#### [What you need to do]
For the entries below, the result should be an exact transcription of the lines from the one with "LED Hoofdbord met" up to and including the one with "Silicone Watch Strap", and only those.

--- START ---

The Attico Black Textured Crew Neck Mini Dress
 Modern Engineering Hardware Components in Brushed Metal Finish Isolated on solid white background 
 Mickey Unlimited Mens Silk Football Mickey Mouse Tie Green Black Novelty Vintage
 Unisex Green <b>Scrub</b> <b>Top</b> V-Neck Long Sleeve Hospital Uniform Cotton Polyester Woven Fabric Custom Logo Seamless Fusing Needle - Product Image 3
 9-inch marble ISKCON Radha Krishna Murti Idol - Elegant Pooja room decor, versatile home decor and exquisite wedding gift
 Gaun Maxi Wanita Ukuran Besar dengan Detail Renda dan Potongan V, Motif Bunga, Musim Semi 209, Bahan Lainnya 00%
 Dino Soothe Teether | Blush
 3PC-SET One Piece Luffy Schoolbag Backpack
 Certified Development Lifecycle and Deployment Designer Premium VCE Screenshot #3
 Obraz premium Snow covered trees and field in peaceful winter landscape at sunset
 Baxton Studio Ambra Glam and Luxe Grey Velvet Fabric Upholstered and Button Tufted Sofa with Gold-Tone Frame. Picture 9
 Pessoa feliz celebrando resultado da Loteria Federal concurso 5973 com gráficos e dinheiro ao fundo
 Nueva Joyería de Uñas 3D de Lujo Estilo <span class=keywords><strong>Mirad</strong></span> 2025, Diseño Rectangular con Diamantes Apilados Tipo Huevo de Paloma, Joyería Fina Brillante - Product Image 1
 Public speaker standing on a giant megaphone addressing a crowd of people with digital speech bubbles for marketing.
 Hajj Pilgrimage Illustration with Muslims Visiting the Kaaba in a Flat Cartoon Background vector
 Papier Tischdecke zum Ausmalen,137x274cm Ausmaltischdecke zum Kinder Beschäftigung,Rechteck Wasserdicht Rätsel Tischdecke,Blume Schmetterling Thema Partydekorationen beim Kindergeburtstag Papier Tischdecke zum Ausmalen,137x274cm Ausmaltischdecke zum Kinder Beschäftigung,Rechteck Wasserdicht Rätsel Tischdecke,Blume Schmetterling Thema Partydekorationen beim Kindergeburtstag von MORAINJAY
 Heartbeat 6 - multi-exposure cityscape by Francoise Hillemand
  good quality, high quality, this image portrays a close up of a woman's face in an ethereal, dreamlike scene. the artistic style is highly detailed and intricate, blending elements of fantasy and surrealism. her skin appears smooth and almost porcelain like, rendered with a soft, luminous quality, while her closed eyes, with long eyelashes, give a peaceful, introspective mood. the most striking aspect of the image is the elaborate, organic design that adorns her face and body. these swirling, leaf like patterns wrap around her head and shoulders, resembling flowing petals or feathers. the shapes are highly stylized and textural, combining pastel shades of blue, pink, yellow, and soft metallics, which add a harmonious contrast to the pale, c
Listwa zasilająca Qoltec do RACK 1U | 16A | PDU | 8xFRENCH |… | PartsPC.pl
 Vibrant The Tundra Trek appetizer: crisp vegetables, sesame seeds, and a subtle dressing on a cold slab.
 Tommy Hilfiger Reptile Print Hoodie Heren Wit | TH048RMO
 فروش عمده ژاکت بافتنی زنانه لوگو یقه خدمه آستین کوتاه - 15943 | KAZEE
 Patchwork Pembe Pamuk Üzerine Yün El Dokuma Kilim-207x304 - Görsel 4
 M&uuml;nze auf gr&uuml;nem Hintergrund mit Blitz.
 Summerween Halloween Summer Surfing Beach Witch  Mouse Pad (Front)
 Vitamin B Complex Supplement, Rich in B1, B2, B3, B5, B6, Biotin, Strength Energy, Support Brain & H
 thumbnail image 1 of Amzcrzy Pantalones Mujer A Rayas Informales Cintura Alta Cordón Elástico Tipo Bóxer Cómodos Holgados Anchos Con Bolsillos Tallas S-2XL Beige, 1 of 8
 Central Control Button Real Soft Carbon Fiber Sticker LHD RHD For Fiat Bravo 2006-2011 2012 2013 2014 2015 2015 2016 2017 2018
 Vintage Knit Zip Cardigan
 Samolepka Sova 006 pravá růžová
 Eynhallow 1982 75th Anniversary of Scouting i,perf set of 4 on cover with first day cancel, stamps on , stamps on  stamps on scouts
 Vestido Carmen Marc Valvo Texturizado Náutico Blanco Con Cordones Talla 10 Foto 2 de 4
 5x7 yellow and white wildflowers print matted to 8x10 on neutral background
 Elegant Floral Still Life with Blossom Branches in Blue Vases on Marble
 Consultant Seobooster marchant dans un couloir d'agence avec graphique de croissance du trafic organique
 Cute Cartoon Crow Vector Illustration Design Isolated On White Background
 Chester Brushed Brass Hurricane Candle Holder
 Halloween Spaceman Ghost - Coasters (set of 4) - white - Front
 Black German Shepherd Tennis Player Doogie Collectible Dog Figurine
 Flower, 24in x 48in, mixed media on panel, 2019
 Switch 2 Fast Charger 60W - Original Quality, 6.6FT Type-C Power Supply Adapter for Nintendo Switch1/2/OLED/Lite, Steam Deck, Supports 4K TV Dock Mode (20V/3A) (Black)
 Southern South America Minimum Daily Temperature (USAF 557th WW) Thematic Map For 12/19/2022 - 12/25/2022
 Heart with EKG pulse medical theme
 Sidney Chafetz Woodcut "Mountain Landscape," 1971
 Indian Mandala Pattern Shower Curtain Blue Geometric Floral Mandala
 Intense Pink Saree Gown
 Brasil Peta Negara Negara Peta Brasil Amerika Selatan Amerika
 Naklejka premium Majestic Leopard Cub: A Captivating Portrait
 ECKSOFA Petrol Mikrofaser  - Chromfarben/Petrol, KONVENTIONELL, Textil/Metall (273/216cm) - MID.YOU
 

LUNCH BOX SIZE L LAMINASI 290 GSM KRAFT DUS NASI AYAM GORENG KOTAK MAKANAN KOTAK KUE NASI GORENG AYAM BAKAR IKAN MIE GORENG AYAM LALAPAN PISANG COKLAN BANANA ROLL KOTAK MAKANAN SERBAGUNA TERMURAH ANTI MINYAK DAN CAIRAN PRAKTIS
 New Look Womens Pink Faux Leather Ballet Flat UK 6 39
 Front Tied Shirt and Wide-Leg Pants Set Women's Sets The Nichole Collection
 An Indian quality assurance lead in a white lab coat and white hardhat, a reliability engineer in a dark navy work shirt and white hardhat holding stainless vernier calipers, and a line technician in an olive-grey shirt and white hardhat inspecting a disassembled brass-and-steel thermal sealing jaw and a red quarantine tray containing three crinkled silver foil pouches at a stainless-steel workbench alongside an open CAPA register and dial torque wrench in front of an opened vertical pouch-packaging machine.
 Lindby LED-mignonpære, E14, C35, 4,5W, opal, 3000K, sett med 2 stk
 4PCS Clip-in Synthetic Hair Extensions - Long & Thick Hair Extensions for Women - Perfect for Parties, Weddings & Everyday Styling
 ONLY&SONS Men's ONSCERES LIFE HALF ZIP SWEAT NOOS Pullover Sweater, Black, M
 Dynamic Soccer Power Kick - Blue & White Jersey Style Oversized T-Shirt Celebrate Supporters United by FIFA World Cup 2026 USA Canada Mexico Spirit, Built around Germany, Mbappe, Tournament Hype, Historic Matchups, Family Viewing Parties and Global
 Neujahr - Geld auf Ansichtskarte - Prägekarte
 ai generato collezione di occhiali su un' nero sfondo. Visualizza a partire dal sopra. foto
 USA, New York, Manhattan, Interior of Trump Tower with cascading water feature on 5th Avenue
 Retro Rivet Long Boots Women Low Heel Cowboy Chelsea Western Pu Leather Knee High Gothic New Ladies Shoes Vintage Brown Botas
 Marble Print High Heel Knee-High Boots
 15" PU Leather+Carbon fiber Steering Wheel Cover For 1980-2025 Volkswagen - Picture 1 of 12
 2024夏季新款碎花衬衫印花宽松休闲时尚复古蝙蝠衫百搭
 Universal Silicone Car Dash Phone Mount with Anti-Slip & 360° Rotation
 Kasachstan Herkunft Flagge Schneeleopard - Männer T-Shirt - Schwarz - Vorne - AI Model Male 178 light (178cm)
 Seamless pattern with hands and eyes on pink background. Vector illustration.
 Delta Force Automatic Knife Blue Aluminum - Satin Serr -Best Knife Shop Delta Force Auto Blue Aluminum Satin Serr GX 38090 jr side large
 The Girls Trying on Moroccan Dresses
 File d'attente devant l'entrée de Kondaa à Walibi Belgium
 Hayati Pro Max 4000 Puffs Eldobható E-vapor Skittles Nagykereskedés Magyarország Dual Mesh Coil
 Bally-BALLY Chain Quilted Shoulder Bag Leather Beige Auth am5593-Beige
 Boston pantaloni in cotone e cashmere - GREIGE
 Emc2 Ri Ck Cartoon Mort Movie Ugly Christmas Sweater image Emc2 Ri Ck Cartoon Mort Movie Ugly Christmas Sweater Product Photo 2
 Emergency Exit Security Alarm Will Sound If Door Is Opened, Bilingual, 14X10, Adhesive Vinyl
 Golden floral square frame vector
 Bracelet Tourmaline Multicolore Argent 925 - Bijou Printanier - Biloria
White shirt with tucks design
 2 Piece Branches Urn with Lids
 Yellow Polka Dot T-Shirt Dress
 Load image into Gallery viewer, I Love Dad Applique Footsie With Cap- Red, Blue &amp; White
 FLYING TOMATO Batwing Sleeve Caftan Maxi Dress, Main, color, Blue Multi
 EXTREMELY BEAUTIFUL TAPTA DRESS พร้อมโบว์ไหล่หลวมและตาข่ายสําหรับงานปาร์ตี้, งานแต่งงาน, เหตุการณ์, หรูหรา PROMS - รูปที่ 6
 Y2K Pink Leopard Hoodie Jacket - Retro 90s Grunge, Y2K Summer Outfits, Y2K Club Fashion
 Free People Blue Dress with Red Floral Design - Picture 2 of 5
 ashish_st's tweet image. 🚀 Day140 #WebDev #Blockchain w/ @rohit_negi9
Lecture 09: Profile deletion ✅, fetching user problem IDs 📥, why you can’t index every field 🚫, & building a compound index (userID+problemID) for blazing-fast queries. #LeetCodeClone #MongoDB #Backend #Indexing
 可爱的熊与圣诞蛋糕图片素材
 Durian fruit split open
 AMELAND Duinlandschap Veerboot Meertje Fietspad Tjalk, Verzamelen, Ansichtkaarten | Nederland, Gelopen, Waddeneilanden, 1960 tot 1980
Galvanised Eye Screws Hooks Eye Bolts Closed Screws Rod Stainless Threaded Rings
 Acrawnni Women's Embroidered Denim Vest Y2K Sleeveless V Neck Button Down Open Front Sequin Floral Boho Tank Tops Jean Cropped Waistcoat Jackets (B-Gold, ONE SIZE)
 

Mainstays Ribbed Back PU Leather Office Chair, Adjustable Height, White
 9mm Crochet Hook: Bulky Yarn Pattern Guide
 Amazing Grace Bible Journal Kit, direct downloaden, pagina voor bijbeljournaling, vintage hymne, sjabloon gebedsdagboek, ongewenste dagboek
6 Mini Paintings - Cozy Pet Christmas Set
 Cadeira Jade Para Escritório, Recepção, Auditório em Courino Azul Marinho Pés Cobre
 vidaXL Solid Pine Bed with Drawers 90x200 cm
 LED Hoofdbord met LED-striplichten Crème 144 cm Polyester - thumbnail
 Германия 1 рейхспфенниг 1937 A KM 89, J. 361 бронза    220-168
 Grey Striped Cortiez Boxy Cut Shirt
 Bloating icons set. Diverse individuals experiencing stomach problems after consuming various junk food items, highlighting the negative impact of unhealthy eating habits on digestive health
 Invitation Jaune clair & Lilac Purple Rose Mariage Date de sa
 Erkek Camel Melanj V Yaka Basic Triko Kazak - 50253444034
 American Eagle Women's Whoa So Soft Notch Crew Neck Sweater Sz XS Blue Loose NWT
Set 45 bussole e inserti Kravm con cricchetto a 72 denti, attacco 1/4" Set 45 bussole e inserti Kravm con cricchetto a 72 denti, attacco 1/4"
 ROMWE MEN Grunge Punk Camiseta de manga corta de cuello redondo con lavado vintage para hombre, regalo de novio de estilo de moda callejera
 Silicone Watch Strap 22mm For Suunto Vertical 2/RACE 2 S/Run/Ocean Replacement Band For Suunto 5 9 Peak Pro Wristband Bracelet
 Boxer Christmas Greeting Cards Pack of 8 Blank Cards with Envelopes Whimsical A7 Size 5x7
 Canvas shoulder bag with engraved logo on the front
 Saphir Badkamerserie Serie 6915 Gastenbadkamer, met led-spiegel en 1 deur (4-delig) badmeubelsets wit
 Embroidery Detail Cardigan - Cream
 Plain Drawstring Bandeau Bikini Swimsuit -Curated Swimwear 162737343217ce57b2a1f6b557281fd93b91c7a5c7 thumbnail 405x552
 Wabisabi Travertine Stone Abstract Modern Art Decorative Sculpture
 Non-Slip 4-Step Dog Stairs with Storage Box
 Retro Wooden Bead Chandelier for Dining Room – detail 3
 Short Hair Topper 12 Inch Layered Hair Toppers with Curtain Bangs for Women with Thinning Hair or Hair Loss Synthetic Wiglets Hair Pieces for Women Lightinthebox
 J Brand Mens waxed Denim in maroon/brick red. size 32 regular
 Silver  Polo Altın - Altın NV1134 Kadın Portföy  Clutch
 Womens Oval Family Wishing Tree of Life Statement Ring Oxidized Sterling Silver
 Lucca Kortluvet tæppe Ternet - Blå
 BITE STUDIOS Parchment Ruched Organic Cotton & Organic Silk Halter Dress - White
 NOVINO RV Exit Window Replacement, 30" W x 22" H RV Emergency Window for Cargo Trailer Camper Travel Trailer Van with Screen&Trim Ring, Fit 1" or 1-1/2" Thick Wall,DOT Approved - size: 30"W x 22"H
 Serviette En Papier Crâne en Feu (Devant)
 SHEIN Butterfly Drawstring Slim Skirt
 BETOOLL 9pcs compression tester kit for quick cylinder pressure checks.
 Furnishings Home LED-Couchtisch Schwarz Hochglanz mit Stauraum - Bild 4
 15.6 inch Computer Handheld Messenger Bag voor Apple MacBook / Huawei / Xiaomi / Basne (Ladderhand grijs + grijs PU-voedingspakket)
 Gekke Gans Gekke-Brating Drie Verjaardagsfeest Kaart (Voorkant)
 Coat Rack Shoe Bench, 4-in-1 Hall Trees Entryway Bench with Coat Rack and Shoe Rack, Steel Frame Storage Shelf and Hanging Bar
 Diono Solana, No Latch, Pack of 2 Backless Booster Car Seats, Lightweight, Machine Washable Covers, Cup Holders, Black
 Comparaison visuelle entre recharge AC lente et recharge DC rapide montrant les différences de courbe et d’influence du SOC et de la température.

--- END ---

#### [Problem solution]
 LED Hoofdbord met LED-striplichten Crème 144 cm Polyester - thumbnail
 Германия 1 рейхспфенниг 1937 A KM 89, J. 361 бронза    220-168
 Grey Striped Cortiez Boxy Cut Shirt
 Bloating icons set. Diverse individuals experiencing stomach problems after consuming various junk food items, highlighting the negative impact of unhealthy eating habits on digestive health
 Invitation Jaune clair & Lilac Purple Rose Mariage Date de sa
 Erkek Camel Melanj V Yaka Basic Triko Kazak - 50253444034
 American Eagle Women's Whoa So Soft Notch Crew Neck Sweater Sz XS Blue Loose NWT
Set 45 bussole e inserti Kravm con cricchetto a 72 denti, attacco 1/4" Set 45 bussole e inserti Kravm con cricchetto a 72 denti, attacco 1/4"
 ROMWE MEN Grunge Punk Camiseta de manga corta de cuello redondo con lavado vintage para hombre, regalo de novio de estilo de moda callejera
 Silicone Watch Strap 22mm For Suunto Vertical 2/RACE 2 S/Run/Ocean Replacement Band For Suunto 5 9 Peak Pro Wristband Bracelet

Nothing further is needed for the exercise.